▸ Task brief: Given the records below, the lines starting at the line with "Hazel iris and fundus round pillow" and ending at the line with "スマートフォンが使えるようになって、笑顔の女性のイメージ画像" should be output exactly, both end lines kept and pictures left out.

▸ Short text fragments from websites:
>>>
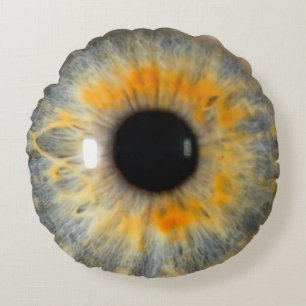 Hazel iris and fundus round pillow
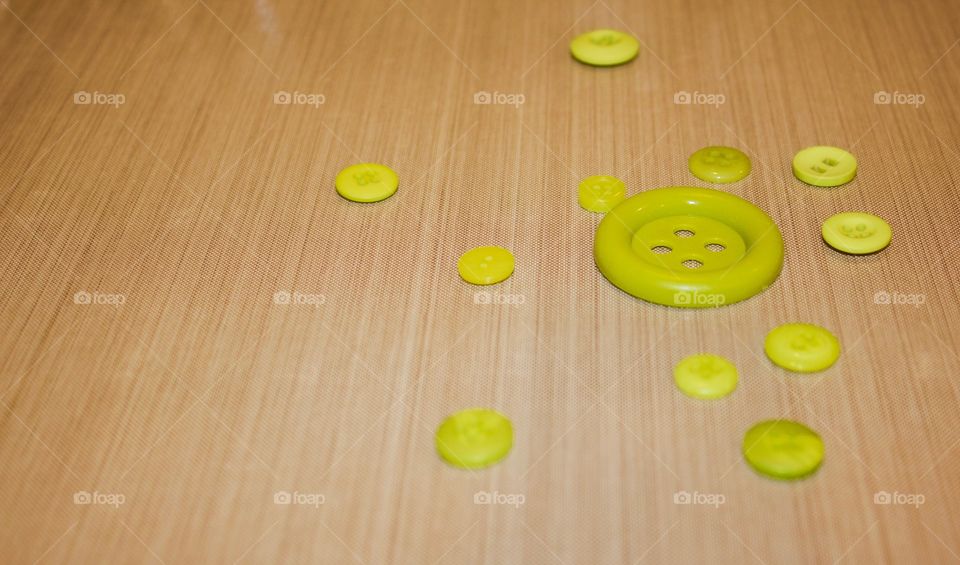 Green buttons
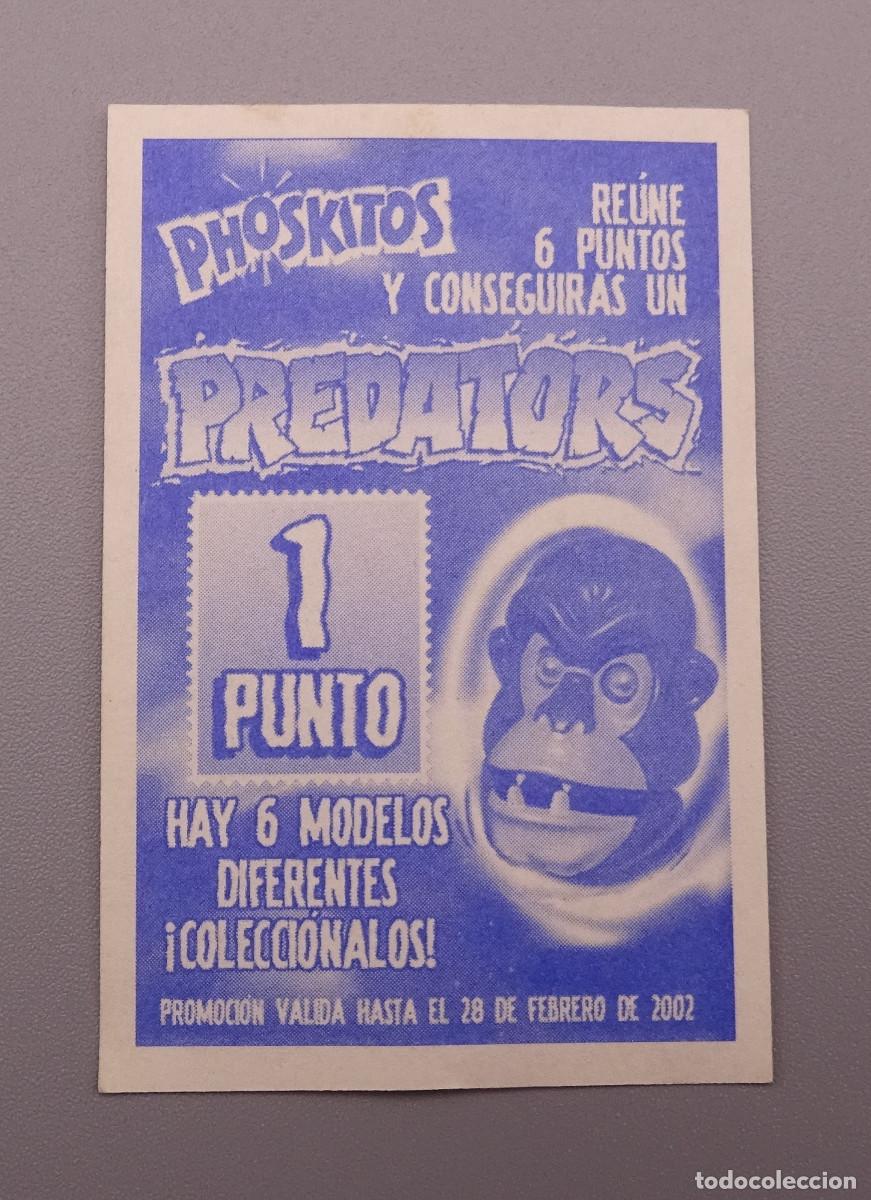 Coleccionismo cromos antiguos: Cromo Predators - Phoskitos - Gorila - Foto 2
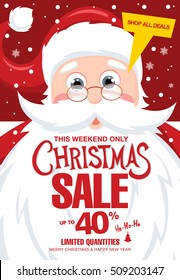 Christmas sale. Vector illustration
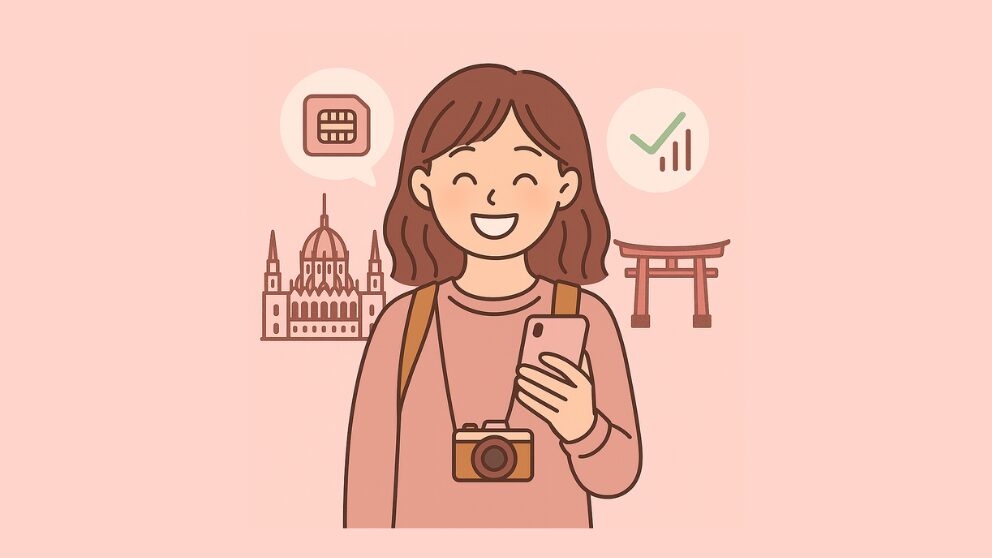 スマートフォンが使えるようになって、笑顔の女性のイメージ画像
<<<
>>>
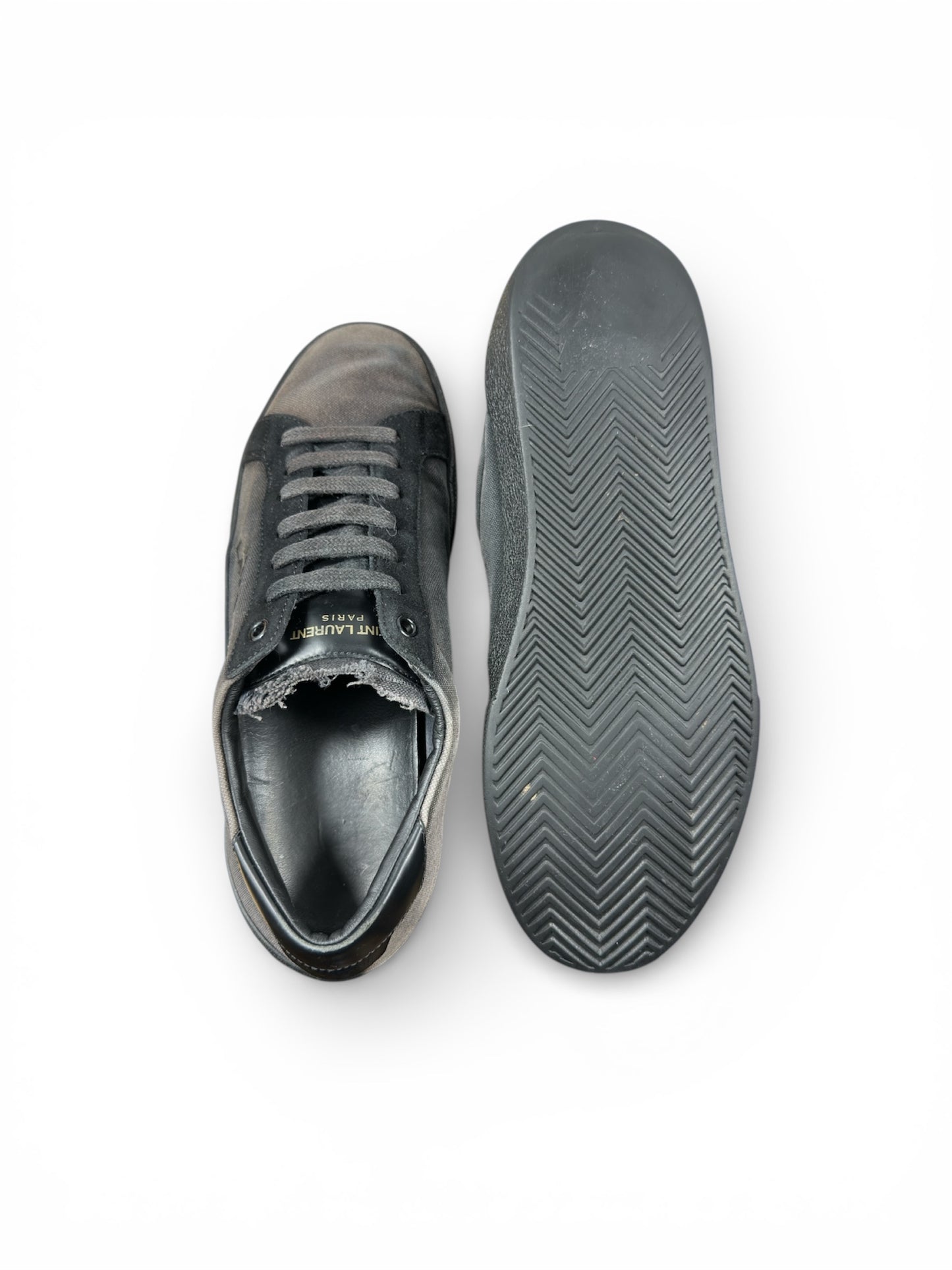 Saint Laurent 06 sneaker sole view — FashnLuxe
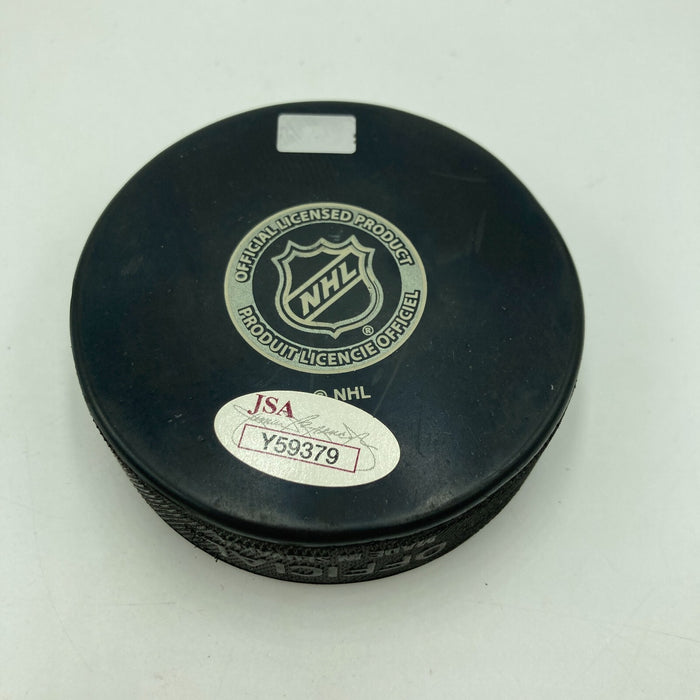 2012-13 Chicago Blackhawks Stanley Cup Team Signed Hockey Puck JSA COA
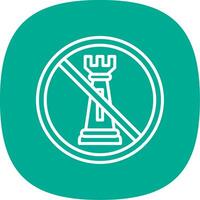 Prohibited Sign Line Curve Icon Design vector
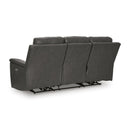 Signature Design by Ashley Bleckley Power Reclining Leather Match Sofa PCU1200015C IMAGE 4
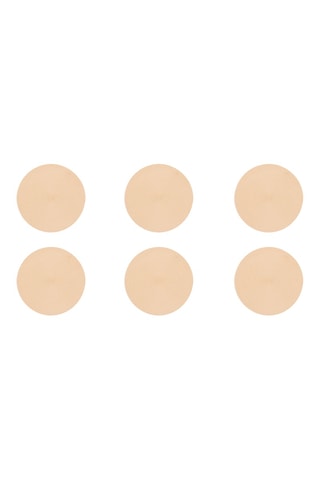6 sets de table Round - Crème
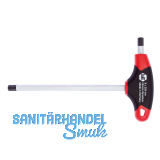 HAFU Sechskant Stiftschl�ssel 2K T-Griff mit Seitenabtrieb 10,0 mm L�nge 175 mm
<<<
▸ Expected answer:
 Hazel iris and fundus round pillow
 Green buttons
 Coleccionismo cromos antiguos: Cromo Predators - Phoskitos - Gorila - Foto 2
 Christmas sale. Vector illustration
 スマートフォンが使えるようになって、笑顔の女性のイメージ画像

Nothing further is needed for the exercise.